Contempló el odiado cigarro. ¿Acaso no le había repugnado anteriormente?

Suponía que no. Que eran solo palabras, ¿no?

Y sus pensamientos, para variar, volvieron a tomar la misma dirección.

Porque siempre estaría el otro ahí. Porque él había sido el primero. Es cierto, Matt fue el primero en otras cosas, en el placer, en las deudas, en las manchas, en los compaginios. Pero eso era sólo eso. Sexo. Un mero placer, ahí se acababa. Sólo el sexo.

Porque sí. Porque joder, ella nunca ha sido, ni iba a ser, sólo una más. Porque era ella, y porque era la chica de la que él estaba enamorado.

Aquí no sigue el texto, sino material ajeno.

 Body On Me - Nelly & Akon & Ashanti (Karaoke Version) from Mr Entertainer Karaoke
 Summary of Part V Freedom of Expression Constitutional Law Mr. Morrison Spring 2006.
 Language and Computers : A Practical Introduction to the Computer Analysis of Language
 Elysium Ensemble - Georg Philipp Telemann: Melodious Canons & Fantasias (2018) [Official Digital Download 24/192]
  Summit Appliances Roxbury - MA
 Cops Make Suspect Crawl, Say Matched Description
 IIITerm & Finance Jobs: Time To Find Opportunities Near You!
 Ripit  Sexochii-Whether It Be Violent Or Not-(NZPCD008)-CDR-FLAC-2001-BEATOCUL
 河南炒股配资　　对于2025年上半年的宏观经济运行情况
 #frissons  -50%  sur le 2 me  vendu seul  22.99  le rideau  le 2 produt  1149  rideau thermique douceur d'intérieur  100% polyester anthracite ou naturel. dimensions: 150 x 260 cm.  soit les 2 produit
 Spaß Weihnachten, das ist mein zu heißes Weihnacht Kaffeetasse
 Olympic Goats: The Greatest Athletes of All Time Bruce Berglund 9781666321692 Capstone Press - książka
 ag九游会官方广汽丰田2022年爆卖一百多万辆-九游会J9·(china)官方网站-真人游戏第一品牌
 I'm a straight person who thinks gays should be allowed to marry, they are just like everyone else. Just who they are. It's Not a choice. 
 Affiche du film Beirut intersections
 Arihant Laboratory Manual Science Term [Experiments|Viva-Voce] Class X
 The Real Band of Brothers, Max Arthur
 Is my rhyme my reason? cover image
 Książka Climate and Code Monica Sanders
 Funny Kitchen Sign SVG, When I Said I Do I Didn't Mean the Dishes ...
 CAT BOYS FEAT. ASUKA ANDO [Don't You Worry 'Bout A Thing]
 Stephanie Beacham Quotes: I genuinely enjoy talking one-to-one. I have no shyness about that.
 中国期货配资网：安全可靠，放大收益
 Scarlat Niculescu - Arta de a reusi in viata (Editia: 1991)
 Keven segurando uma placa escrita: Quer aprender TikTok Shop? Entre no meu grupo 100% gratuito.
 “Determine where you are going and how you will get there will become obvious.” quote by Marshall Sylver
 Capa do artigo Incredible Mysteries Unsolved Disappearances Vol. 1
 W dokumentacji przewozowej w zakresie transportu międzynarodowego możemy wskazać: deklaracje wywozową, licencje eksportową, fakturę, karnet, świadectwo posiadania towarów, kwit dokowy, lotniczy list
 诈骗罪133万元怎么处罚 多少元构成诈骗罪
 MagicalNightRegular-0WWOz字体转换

Y porque, sin exagerar, si se llegaba a ir el chico se moriría. No físicamente, claro, el cuerpo seguiría ahí, con los ojos, el pelo, los cracks, los pies, los dientes. Y de vez en cuando tal vez sus músculos faciales podrían contraerse ante algo cómico o gracioso. Y los dientes relucirían. Tal vez el sonido de una carcajada escapase de entre sus labios. Y tal vez esa risa podría hacer
pensar a la gente que en ese momento me rodee que seguía vivo. Y biológicamente, seguiría vivo. Sus células seguirían reproduciéndose, sus mitocondrias continuarían con su interminable proceso de respiración, y su sangre seguiría fluyendo por su cuerpo.

Pero no. Era una pena admitirlo, pero también era un hecho. Las conexiones neuronales, ya bastantes deterioradas por alguna injusta anomalía, no funcionarían igual. Porque los iones de potasio y de sodio seguirían saltando la sinapsis sin problema. Pero el él que no tenía que ver con la biología no saltaría a la comba de la vida con la misma alegría que esos simples iones.

Porque había dejado de seguir el guión desde que las converse de la chica habían pisado el suelo de su casa.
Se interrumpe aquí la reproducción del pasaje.